Cost of sustainability will limit European green steel aspirations

Bearish trends in the steel markets, combined with the difficulty and cost of developing sustainable technologies, presented significant challenges to the European steelmaking sector, an industry conference has heard.

Professor Carlo Mapelli, of the mechanical engineering department at Milan Polytechnic in Italy, was speaking at the conference held in Milan, on September 14-15, by regional steel industry association EUROMETAL. He discussed the significant obstacles faced by European steelmakers in their attempts to make their businesses more sustainable.

In view of the steel industry’s carbon dioxide reduction goals for 2030 and 2050, many mills were planning to implement more sustainable practices and processes. The goal by 2030 was to reduce carbon emissions by 50%, while by 2050 the target was to become completely carbon-neutral.

The steelmaking industry emits 2.8 billion tonnes of CO2 every year, approximately 5-6% of global emissions, Prof Mapelli said. There is thus significant pressure on the industry to become more sustainable.

Green hydrogen, for example, can be used as a reductant substitute in the production of direct-reduced iron, and is often cited as an effective, low-carbon alternative.

SSAB, LKAB and Vattenfall joint venture Hybrit started the first pilot plant for the production of fossil-free sponge iron inaugurated on August 30, 2020.

But Prof Mapelli said that using hydrogen as a reductant is inefficient in terms of sustainability because of the large amount of water it uses to produce the hydrogen. He also highlighted other concerns with the process, including the risks involved in the safe transport of hydrogen, its storage, and the extent of land use involved.

Mapelli discussed other alternatives, including exploitation of biomass as a more renewable option, and electro-splitting of iron ore, although he thought that this was less realistic as a long-term solution.

And while developing technologies which are genuinely sustainable appeared to be complex, expecting buyers to pay high premiums for green steel was a separate problem.

Some downstream industry sectors, such as the automotive industry, could pay these high premiums and pass costs on to consumers, especially during times of high demand and economic growth, Fastmarkets heard.

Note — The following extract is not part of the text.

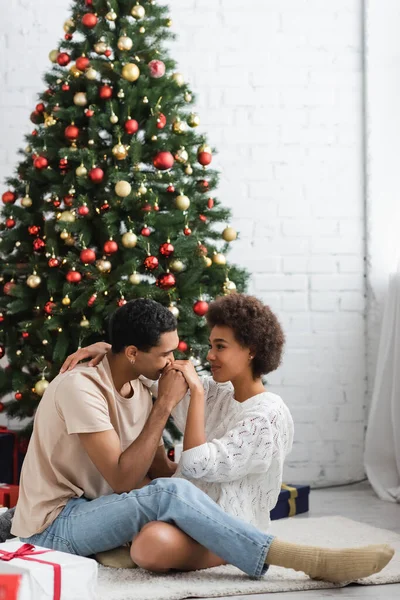 Молодой африканский американец целует руку сексуальной женщины, сидящей на полу возле рождественской елки — стоковое фото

But many industries may not see enough value in paying the premiums.

Furthermore, investing in such technologies represented a sizable financial risk for companies. Prof Mapelli said that the cost of constructing a photovoltaic power station was around €8 billion ($7.99 billion).

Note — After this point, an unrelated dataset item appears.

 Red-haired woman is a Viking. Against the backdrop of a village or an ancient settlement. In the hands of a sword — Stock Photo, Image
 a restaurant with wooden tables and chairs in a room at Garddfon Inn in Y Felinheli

With interest rates rising and potential stagflation on the horizon, it was less likely that companies would have the extensive capital required to invest in untested technologies and expensive processes when returns were by no means guaranteed – at least, in the short term.

Furthermore, considering forecasts for a further downtrend in end-user consumption and a possible worsening recession, it was unlikely that buyers would pay huge premiums for steel when there was so little demand.

The bearish nature of the forecast was discussed at great length during the EUROMETAL conference.

The consequences of Russia’s invasion of Ukraine demonstrated the vulnerability of Europe’s over-reliance on Russia for energy. Some countries have had to step back from their sustainability goals to prioritize the constricted supplies of electricity and gas.

Despite plans to phase out coal-fired power generation by 2038, for example, Germany has reopened two such power stations throughout August to save gas.

Given the poor outlook, sustainability and green steel may have to take a back seat until economic forecasts become more optimistic and the energy situation stabilizes.

And it may be some time before alternatives emerge which are cost-efficient as well as genuinely sustainable on all major fronts.